Western blot was performed to examine protein expression of klotho, the Wnt/β-catenin pathway-related proteins, and RAAS-related proteins. Briefly, human or mouse renal tissues or cultured HRGECs in vitro were extracted in RIPA lysis buffer (Beyotime, Shanghai, China). Then, equal protein from cell lysates was separated by 10% SDS-PAGE gels and transferred onto PVDF membrane (Millipore, USA). Afterwards, the membrane was blocked with 5% non-fat milk and then incubated at 4°C overnight with the following primary antibodies against: Klotho (R&D Systems), Wnt (Abcam, USA), β-catenin (Cell Signaling Technology, USA), phosphorylated glycogen synthase kinase-3β (p-GSK3β, Cell Signaling Technology), cyclin D1 (Cell Signaling Technology), c-myc (Santa Cruz Biotechnology, USA), Angiopoietin-II (Ang-II; Santa Cruz Biotechnology), angiotensin II type 1 receptor (AT1R; Abcam), endothelin 1 (ET-1; Abcam), endothelin A receptor (ETAR; Abcam), and mineralocorticoid receptor (MR; Abcam), followed by horseradish peroxidase (HRP)-labeled secondary antibodies (Beyotime). The protein analysis was visualized by Quantity One software (Bio-Rad, USA). β-actin served as the loading control.

Enzyme-linked immunosorbent assay (ELISA)

The levels of klotho (LifeSpan BioSciences, USA), TNF-α (R&D Systems), IL-6 (R&D Systems), Ang-II (LifeSpan BioSciences), iNOS (LifeSpan BioSciences), and ROS (LifeSpan BioSciences) in cell culture fluid of HRGECs were measured using their commercial ELISA kits according to the manufacturer’s instructions.

The levels of SOD, malondialdehyde (MDA), and ROS in renal tissues from mice were measured using their commercial ELISA kits (MyBioSource, USA) according to the manufacturer’s instructions.

The serum levels of klotho (LifeSpan BioSciences), Ang-II (LifeSpan BioSciences), ET-1 (LifeSpan BioSciences), TNF-α (R&D Systems), and IL-6 (R&D Systems) in mice were measured using their commercial ELISA kits according to the manufacturer’s instructions.

Cell proliferation assay

The HRGCs proliferation was assessed by an MTT assay kit (Beyotime) according to the manufacturer’s instructions.
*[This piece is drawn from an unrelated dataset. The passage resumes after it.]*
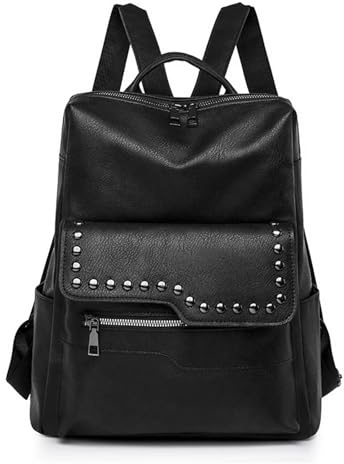 Rucksack Mit Nieten Nietenrucksack mit durchgehendem Reißverschluss und hoher Kapazität, Nieten-Pu-Rucksäcke for Damen(Black)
Briefly, the treated cells (at a density of 5 × 10³ cells/well) were seeded into 96-well plates and cultured for 24 h. Afterward, MTT (20 μL; 5 mg/mL) was added into each well for another 4 h of incubation at 37°C. Then, the culture medium was replaced with DMSO (150 μL) to solubilize the crystals for 10 min. Cellular viability was determined by measuring the optical density (OD) at 490 nm by a spectrophotometer (Multiskan MK3, Thermo, USA). Cellular viability was normalized to control well.

Cell apoptosis assay

The HRGECs apoptosis was evaluated by In Situ Cell Death Detection Kit, Fluorescein Kit (Roche, USA) based on TUNEL technology according to the manufacturer’s instructions. The images of the FITC-labeled TUNEL-positive cells were captured using fluorescent microscopy (Nikon Corporation, Japan). The nick-ends were labeled in green indicating the apoptotic cells, and the cell nucleus was labeled in blue by DAPI (Invitrogen). A merge between the nick-ends (green) and nucleus (blue) labeling showed up as purple.

Statistical analysis

All statistical analyses were performed using SPSS 16.0 for Windows (SPSS, Inc., USA). The data are presented as the mean ± standard deviation (SD) from three independent experiments. The unpaired Student’s t-test was used to analyze differences between the two groups. One-way analysis of variance (ANOVA) was used to analyze differences among three or more groups. p < 0.05 was considered statistically significant.

Funding Statement

This work was supported by the Supporting Project for the Foregoers of Main Disciplines of Jiangxi Province (No. 20162BCB22023), the “5511” Innovative Drivers for Talent Teams of Jiangxi Province (No. 20165BCB18018), and the Nature Science Foundation of Jiangxi Province (No. 20181BAB205016).

Disclosure statement

No potential conflict of interest was reported by the authors.